• A
  • A
  • A
  • ABC
  • ABC
  • ABC
  • А
  • А
  • А
  • А
  • А
Regular version of the site

Seminars

The Lab helds invited talks on NLP, Recommender Systems, Data Mining, and related topics twice a month. For more details see the Russian page.

 

Seminar Automatic Processing and Analysis of Texts & rdquo; dedicated to various processing tasks (tokenization, recovery segmentation, part-of-speech markup and syntactic parsing) and textual information parsing (extraction tasks information, construction and use of knowledge graphs, construction of question-answer systems, text classification, etc.).

Online Seminar "Entropy Approach in Topical Modeling"
Date: 5 November 2020
Speakers:  Sergey Koltsov , Leading Researcher, Laboratory of Social and Cognitive Informatics, Associate Professor, Department of Mathematics, & nbsp;
Vera Ignatenko, Researcher, Laboratory of Social and Cognitive Informatics, Associate Professor, Department of Mathematics. .
Annotation: The report will consider the possibilities of using deformed entropies (Renyi, Tsallis, Sharma-Mittal entropies) to analyze the behavior of a number of thematic models (TM ). The report describes an approach to the analysis of the dependence of TM on the number of topics based on ideas from statistical physics. Within the framework of this approach, a collection of documents and words is considered in the form of a mesoscopic information system, the state of which is described by deformed entropies, and the behavior of the information system is determined by the number of clusters / topics. Thematic modeling is considered as a procedure for ordering information systems. Proceeding from this, the problem of choosing the optimal number of topics can be reduced to the problem of finding the minimum free energy or the minimum of the nonequilibrium Renyi / Tsallis entropy, and the search for semantic stability can be determined using the Sharma-Mittal entropy. Within the framework of this report, it will be shown how you can organize the setting of hyper-parameters of thematic models in terms of entropy, as with the help of enumeration of hyper & ndash; parameters on the grid, and using renormalization procedures. The procedure for renormalizing topic models can significantly speed up the application of the entropy approach from a computational point of view, which is extremely important when working with big data.
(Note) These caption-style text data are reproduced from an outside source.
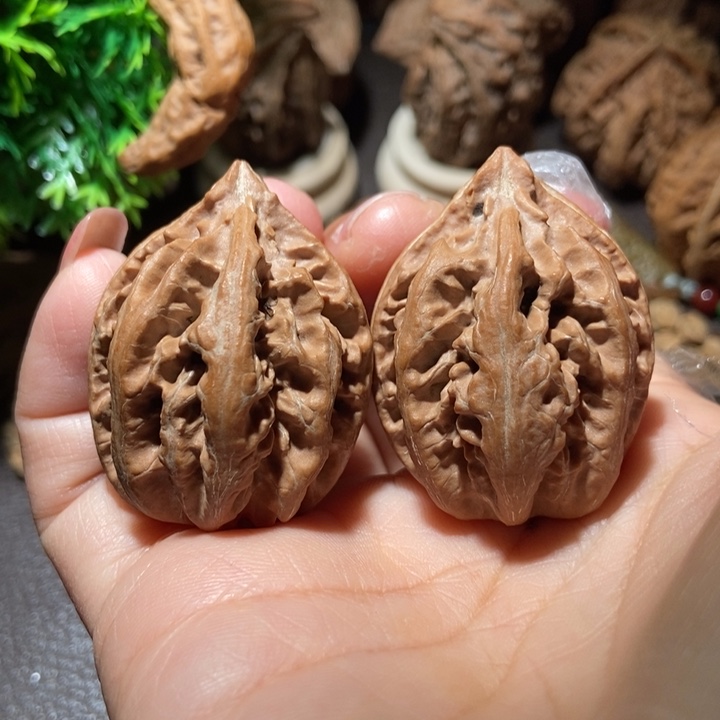 把件文玩核桃东北楸子小雪9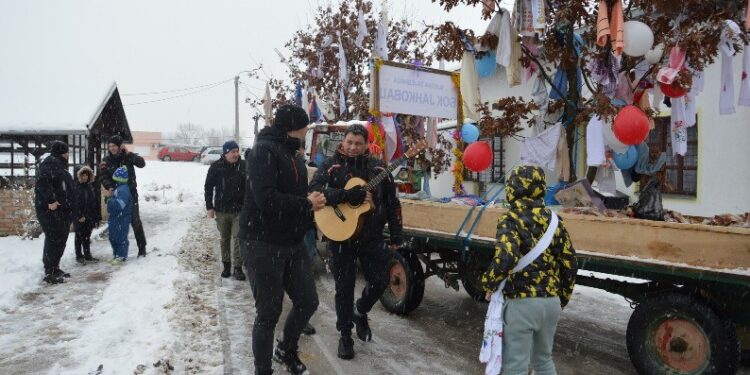 Badnji dan u Gradišci: Četiri badnjaka dočekani u Bok Jankovcu (FOTO)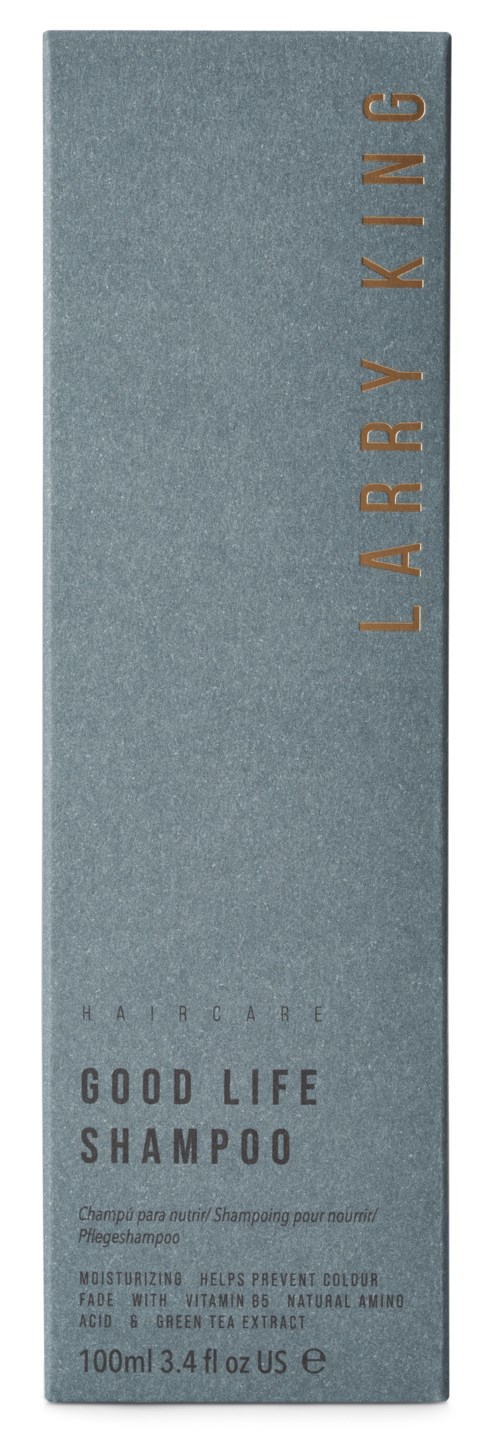 En lång, smal grå låda med orange text som säger 'LARRY KING' och svart text för 'GOOD LIFE SHAMPOO.'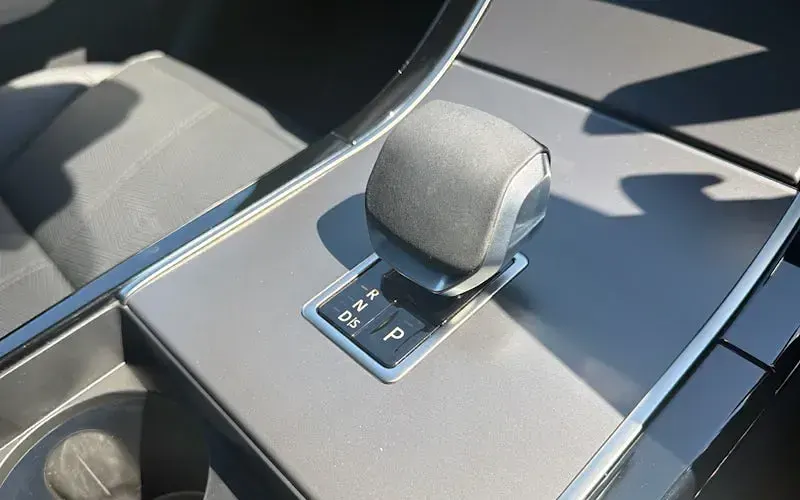 Used Land Rover Range Rover Velar HSE Dynamic 300 HP (220 kW) 2024 Silver SUV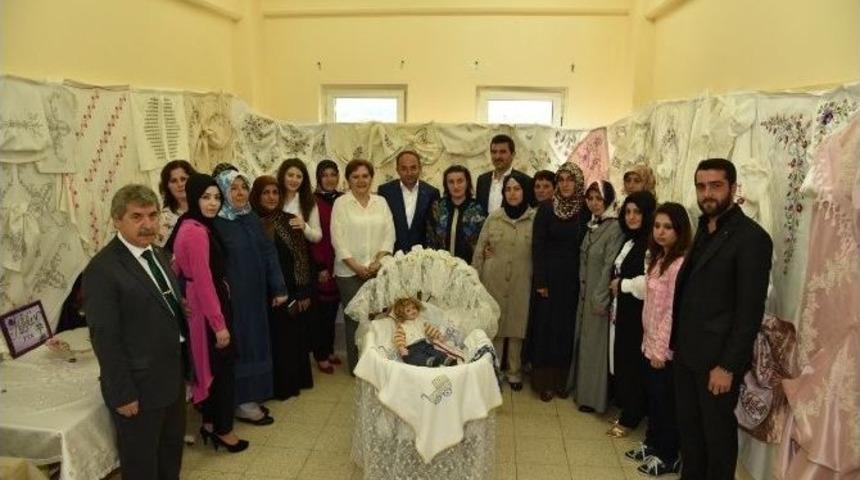 &Uuml;z&uuml;lmez, &ldquo;&ouml;rnek Alınacak Projeleri Hayata Ge&ccedil;iriyoruz&rdquo;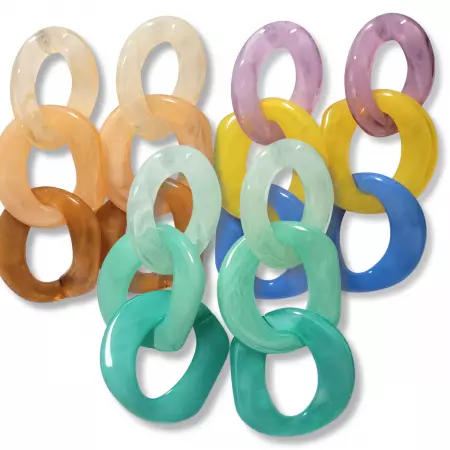 Boucles d’oreilles pendantes en anneaux d’acrylique multicolores, style pop et fun.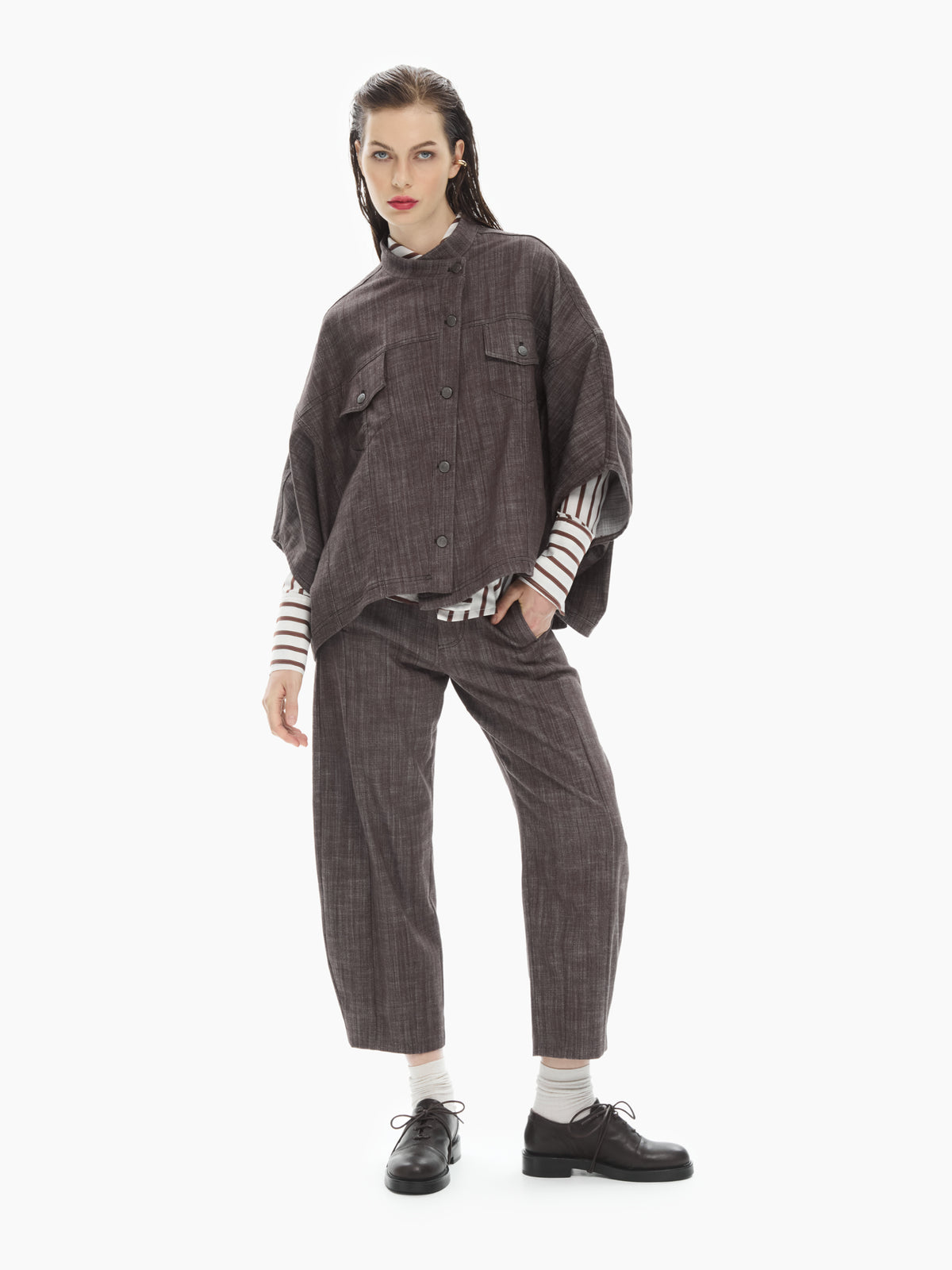 IXOS Pantaloni cropped dalla linea morbida MARRONE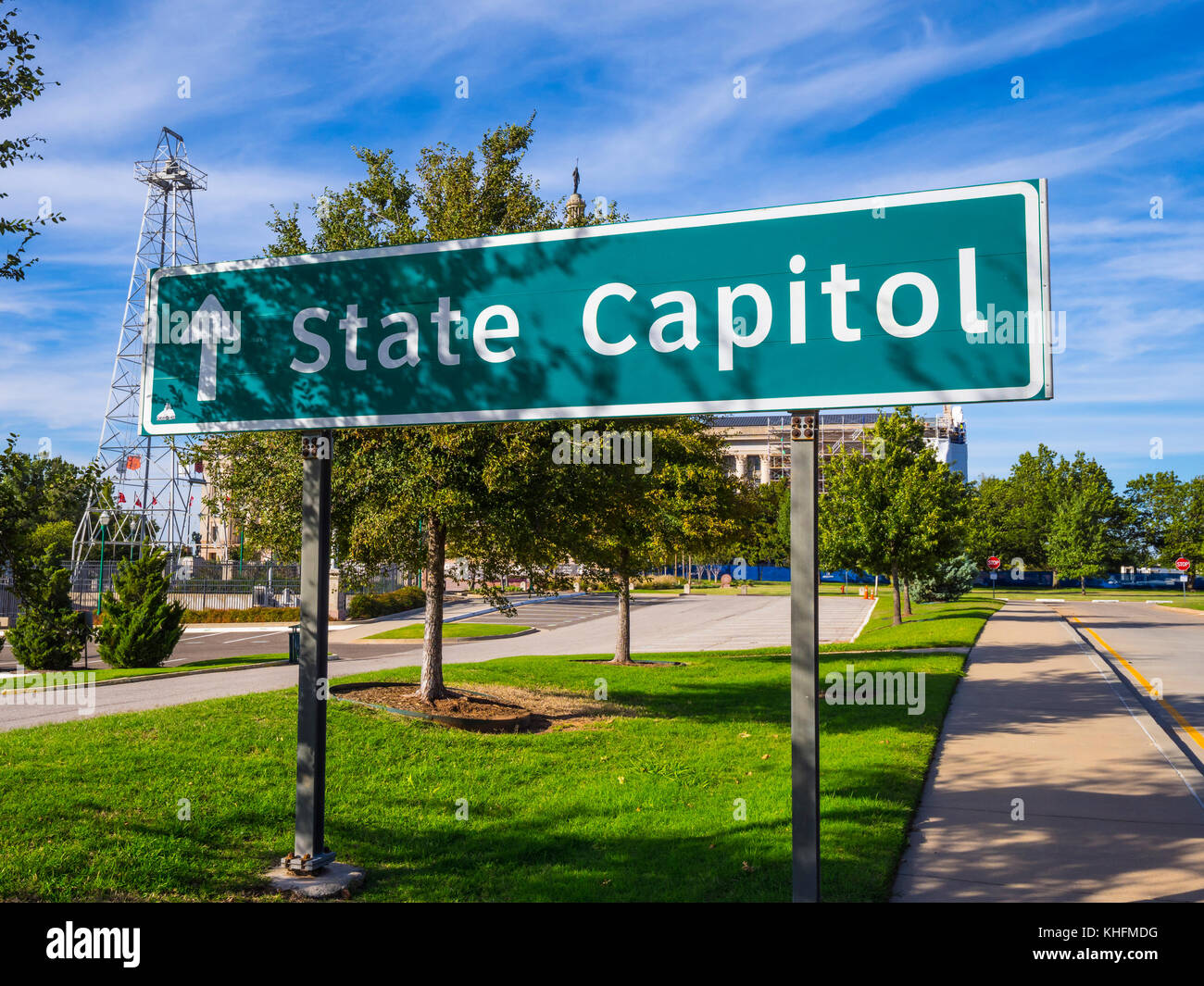 Direction sign to Oklahoma State Capitol Stock Photo Alamy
This paper will also consider the possibility of applying the entropy approach to hierarchical thematic models, and discuss the limitations of this approach. In addition, the report will present the results of calculations of such thematic models as PLSA, VLDA (Blay), LDA (Gibbs sampling), GLDA (Gibbs sampling), BigARTM; results of application of renormalization procedures, as well as results of calculations of several hierarchical thematic models (HPAM, HLDA, hARTM).

Online Seminar "
Machine Reading Comprehension and Russian Language"

Date: September 17, 2020
Speakers: Pavel Efimov earned his Master degree in Computer Science at Saint Petersburg State University. Now he is a PhD student at ITMO University. & Nbsp;
Annotation: First, I will briefly survey machine reading comprehension (RC) and its flavors, as well as methods and datasets used to leverage the task. Then I will focus on RC datasets for non-English languages. & Nbsp; I will pay special attention to Russian RC dataset & mdash; Sberbank Question Answering Dataset (SberQuAD). SberQuAD has been widely used since its inception in 2017, but it hasn't been described and analyzed properly in the literature until recently. In my presentation, I will provide a thorough analysis of SberQuAD and report several baselines.

Online Seminar "RussianSuperGLUE"

Date: September 3, 2020
Presenter: Alena Fenogenova. Chief specialist NLP R & amp; D, CDS office, Sberbank
Annotation:
This talk presented a large benchmark for evaluating language models & ndash; Russian Sup


 

Have you spotted a typo?
Highlight it, click Ctrl+Enter and send us a message. Thank you for your help!
To be used only for spelling or punctuation mistakes.